# Watering indoors/how often



## GreenDayGirl (Mar 20, 2006)

I'vfe been watering my plants  (31 days flowering) every 4th day, I have them in 5 gallon buckets with about 8 half inch holes drilled in the bottom. The soil seems to pack down so I'm not sure if the bottom is as dry as the top or what, is there any way to tell? I don't want to dry them out but I don't want root rot either. Help!


----------



## Mutt (Mar 20, 2006)

Two ways. One: drill a hole in the bottom big enough you can stick your finger in and check. Two: They make moisture meters. I seen one at wal-mart or the nursery (can't remember). It'll tell you when its time to water. There not too expensive. Here is a link to one. Just for reference. 
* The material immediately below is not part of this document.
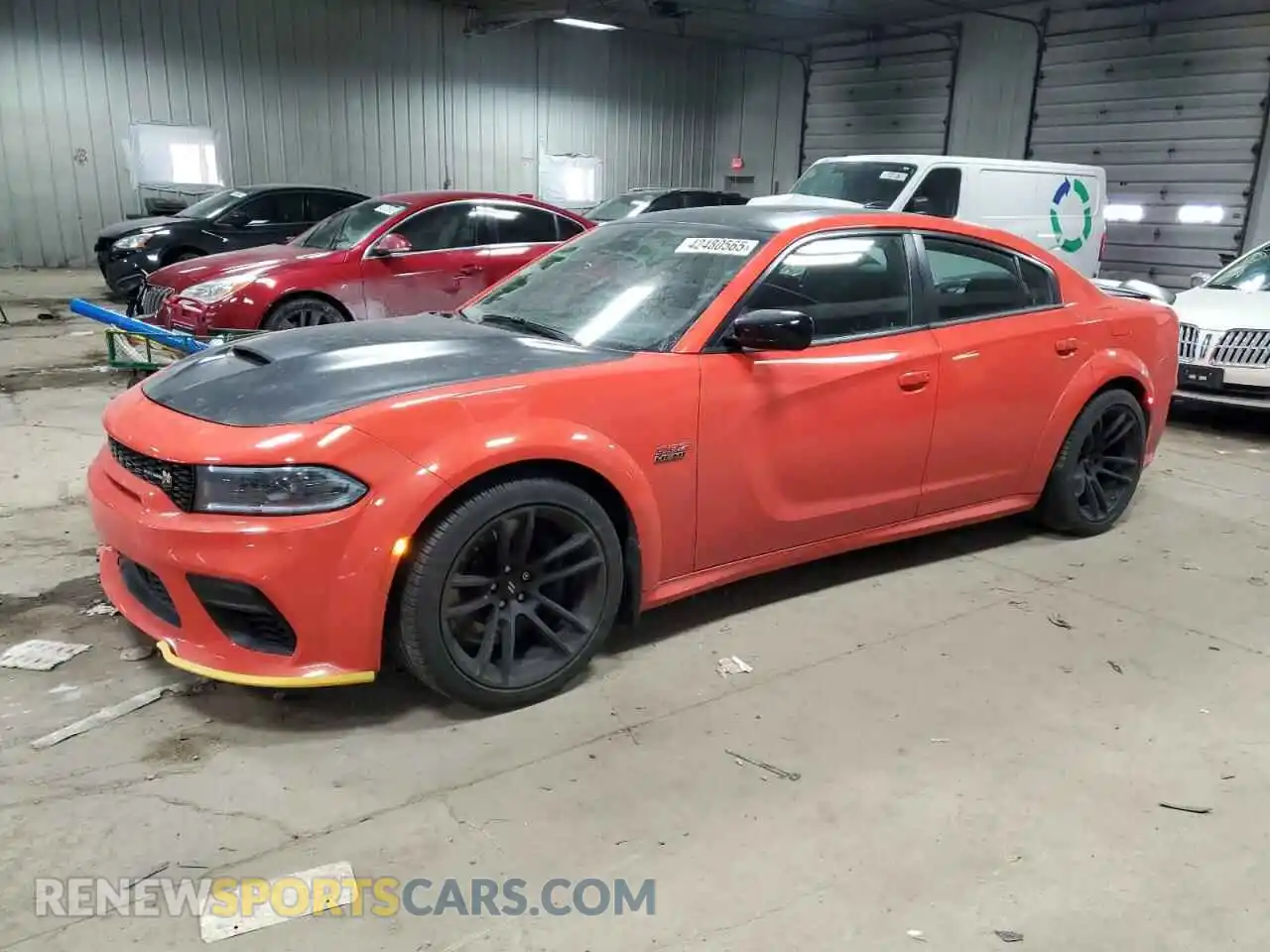1 Photograph of a damaged car 2C3CDXGJ7PH509022 DODGE CHARGER 2023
http://dansgardenshop.com/gardenshop/moisturemeter.html


----------



## GreenDayGirl (Mar 20, 2006)

Hey Mutt, will it hurt em' if I lay them sideways to drill out a bigger hole? you know how females can be!


----------



## Mutt (Mar 20, 2006)

Can you get somebody to help you tilt it ? If not just drill it on the side at the very bottom. .


----------



## GreenDayGirl (Mar 20, 2006)

Yeah, I'll have to borrow a drill though seeing as ours was stolen last night. At least they overlooked my "shed".  Thanks!


----------



## Mutt (Mar 20, 2006)

If you are planning on doing a bunch of soil grows. I would recommend gettin one of the meters. You can find em as cheap as 5-6 bucks online and around nurseries. It has a probe on the end that will reach to the bottom of the pot.


----------



## GreenDayGirl (Mar 20, 2006)

Thanks Mutt, my other questions is that they're starting to fall over from the weight of their tops...stake em' or wire them up to the ceiling?


----------



## Mutt (Mar 20, 2006)

Either way. I think staking would be easier. (thats what I do) IMHO.


----------